一方のアンは右手で弦を引き絞りながら小声で呟いていた。
「『エスプ・デュ・ヴェン・シルヴォスプレト──加護よ、矢を疾走らせよ』風精加護」
小さな詠唱が聞こえていたのか、終わるや否や突っ込んでくるリッパーバイソン!だが慌てる事無くアンは引き絞った矢を放った!
矢は鋭い風切り音を発しながら150メルトの距離を直進しリッパーバイソンの眉間に吸い込まれる様に突き刺さった!!

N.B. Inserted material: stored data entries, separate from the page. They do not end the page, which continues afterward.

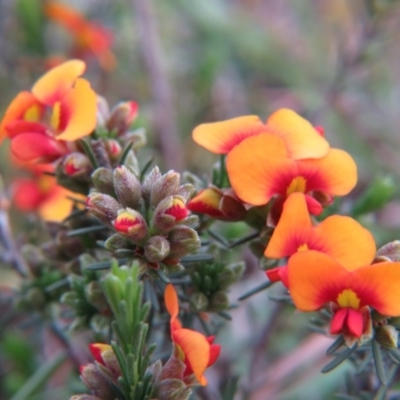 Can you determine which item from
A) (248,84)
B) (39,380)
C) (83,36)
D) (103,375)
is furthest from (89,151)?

突っ込んで来た勢いそのままで前につんのめりながら光の粒子になってリッパーバイソンが消えていった。ゆっくりと構えを解くアンに向かって
「本当に大したモンだよ。この距離を射抜けるとはねぇ」
と軽い口調で賛辞を贈る俺。
「今のはエルフの弓術で遠距離射撃と言うんですが使えるのはエルフでも極僅かです」
頬を紅潮させながらアンが教えてくれた。何でも矢に風の精霊の加護を付与する事により遠距離を飛ばせる様にする、厳密に言うと魔法なのだそうだ。

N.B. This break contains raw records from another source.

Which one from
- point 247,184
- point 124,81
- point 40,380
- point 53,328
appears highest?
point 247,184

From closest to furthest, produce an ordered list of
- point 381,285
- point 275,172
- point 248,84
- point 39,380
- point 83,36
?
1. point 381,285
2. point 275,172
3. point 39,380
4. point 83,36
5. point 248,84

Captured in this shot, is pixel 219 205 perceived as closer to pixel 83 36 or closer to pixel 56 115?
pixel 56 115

しかし、弓と言い魔法と言い剣と言い……やはり三重職は飛び抜けているよな~と思う。
そう言えば俺の「爪撃破」も当然アンに披露したのだが、ソレを見てやたらテンションが上がったアンから「空裂斬」と言う名を貰った。何でも400年前に魔王を討伐した勇者が似た様な技を使っていたらしいのだ。その技の名前が「アギト」……そんな御大層な名前を安易に使って良いのだろうか?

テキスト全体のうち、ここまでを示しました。